Mr. Maranto co-authored a study with CF policy research director Nathan Benefield and Villanova graduate student Jason O'Brien titled "Edifice Complex: Where Has All the Money Gone?" examining the expenditures made by traditional brick-and-mortar public schools. The authors assert that the physical structures in which children learn have superseded other items as budgetary priorities.
Messrs. Maranto, Benefield and O'Brien note that between the 1986-87 and 2005-06 school years, Pennsylvanians' overall spending on public schools rose 72 percent, from $6.6 billion to almost $22 billion. Yet Pennsylvania students' average composite SAT score fell 0.3 percent in that time period. Pennsylvanians' average SAT score ranks 47th compared with all other states.
The study suggested that school officials could free up funds by focusing less on constructing elaborate buildings and more on meeting instructional costs. Between the 1996-97 and 2005-06 school years, public school spending in Pennsylvania rose 59 percent. Instruction spending went up 51 percent, school bureaucracies got an increase of 62 percent and construction and debt spending went up 103 percent. In that time period construction spending went from 8.7 percent of all public education spending to 11.3 percent.
Mr. Maranto said one lesson lawmakers can draw from the report's findings is to support cyber charter schools, public institutions allowing students to learn via computer at home. The Pennsylvania Department of Education estimates a total enrollment of 20,000 students in cyber charters for the 2007-08 academic year.
He noted that online public schools are not as lavishly funded as traditional public schools, getting an average $8,137 per pupil each year in contrast to the latter's average $11,485 per pupil. But because cyber schools need not spend nearly as much on facilities, they spend a greater proportion of their funds on instruction than do their brick-and-mortar counterparts. According to CF, Pennsylvania's aggregated 11 cyber charter schools met 64 of the state's 78 Adequate Yearly Progress academic standards for the previous school year in contrast to many public school districts.
"[Cyber] schools are not the drain on resources that school districts like to say they are," said Greg White, former Gov. Tom Ridge's education policy director, noting that school districts typically fund cyber charter students' education to the tune of three-fourths what they spend on their students who stay in public schools. Roughly one-fourth of each cyber student's expense is then reimbursed to the school district by the state.
House Bill 446, a bill authored by Rep.
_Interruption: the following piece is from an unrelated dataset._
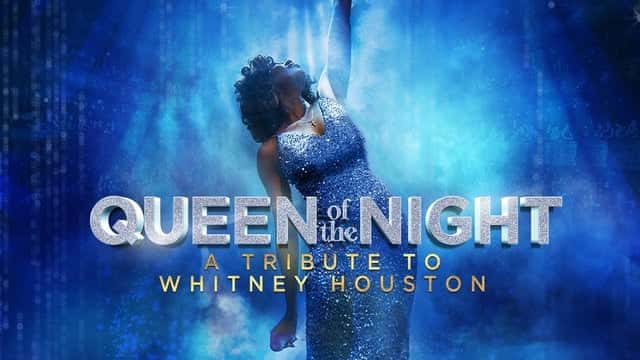 Whitney Queen of the Night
Karen Beyer (R-Lehigh), would restructure the state's financing formula for cyber charter schools, drastically cutting their funding.
The Pennsylvania State Education Association (PSEA), which supports HB 446, asserts it does not seek to halt the operations of cyber schools.
"PSEA is not opposed to the concept of cyber charters, we just want to see financial accountability," spokesman Wythe Keever told The Bulletin.